Петр Агеевич понял, что у Костырина митинг был первым успехом его организаторской деятельности, первая удача работы с людьми в таком масштабе, первая проверка своих партийных сил. А красные флаги, пусть не многочисленные, но тем более значимые. Волнуемые, легким ветерком, сквозившим в аллее, флаги то поднимались и струились, трепетали над головами людей, то, отяжелевшие, опускались и повисали вниз, то вновь оживлялись и поднимались на встречу чистому полуденному небу. Петр по-дружески радовался за Костырина, и за всех собравшихся людей радовался, за рабочее сознание радовался.

Толпа людей все росла, плотнее к машинам придвигая расплывшуюся колонну медиков.

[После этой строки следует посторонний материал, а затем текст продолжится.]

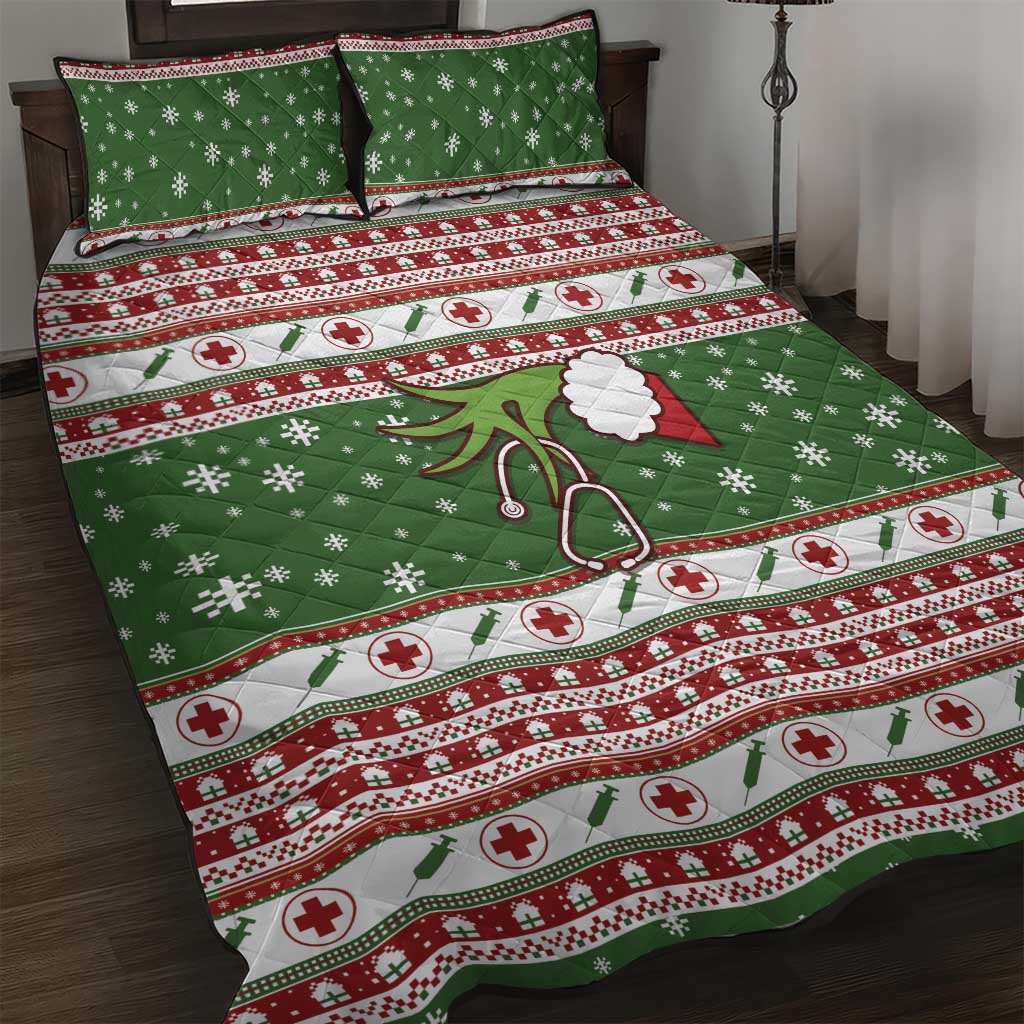 Nurse Quilt Bed Set Nurse Grinch Christmas DT04 - Wonder Print Shop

Люди обступали машины с трех сторон, четвертой стороной была стена завода с воротами на запоре. Толпа сжималась все плотнее, начинали работать плечи и локти, особенно энергично действовали женщины, отбирая себе места ближе машинам, их было больше мужчин. Кое-где появились еще флаги, их держали молодые парни — молодая кровь легче подвергается нагреву организованности, массовому народному противостоянию произволу и насилию, молодежь проще вливается в поток и круговорот протеста и сложнее из него выходит.

Привычное напряженное дыхание завода и слитный шум рабочей возни станков и двигателей погасли в говоре толпы, главенствовали женские голоса. Они выкрикивали возмущенное негодование безработицей, угнетением, доведенным до лишения права на жизнь. Разобщенные нынешним порядком бытия, разведенные друг от друга обвалившимся на их головы тяжелым, отравляющим сознание духом индивидуализма и эгоизма, тайно от других занятые гонкой за местом работы и куском хлеба, они быстро забыли или вдруг бессознательно отказались от широкого общения даже с бывшими товарищами, разве только исключая случаи необходимости попросить о помощи и поддержке.

И вот, собравшись в многотысячную толпу, сплачиваясь в ней в плотную человеческую массу, повинуясь непреодолимой силе объединения, они все разом, плохо слыша один другого, громко заговорили. Смешанное с озлоблением раздражение, возбужденное непроницаемой туманностью верховной политики, бессилием и беспомощностью государства, бестолковостью и злокозненностью президентского правления, темной мрачностью будущего, грозящего выморочностью России, — вдруг проснулось в стесненных грудях и потребовало объединения воли, проявления силы.

Это смешанное чувство воспарило над головами людей, запалило их лица, горячим блеском воспламенило глаза и, все крепче властвуя над людьми, вело их к цели коллективной, общей борьбы, смутно рисуя перед ними торжество возможной победы рабочего сплочения. В общем дыхании и слитном говоре толпы чувствовалось, что все пришли сюда с решимостью победы.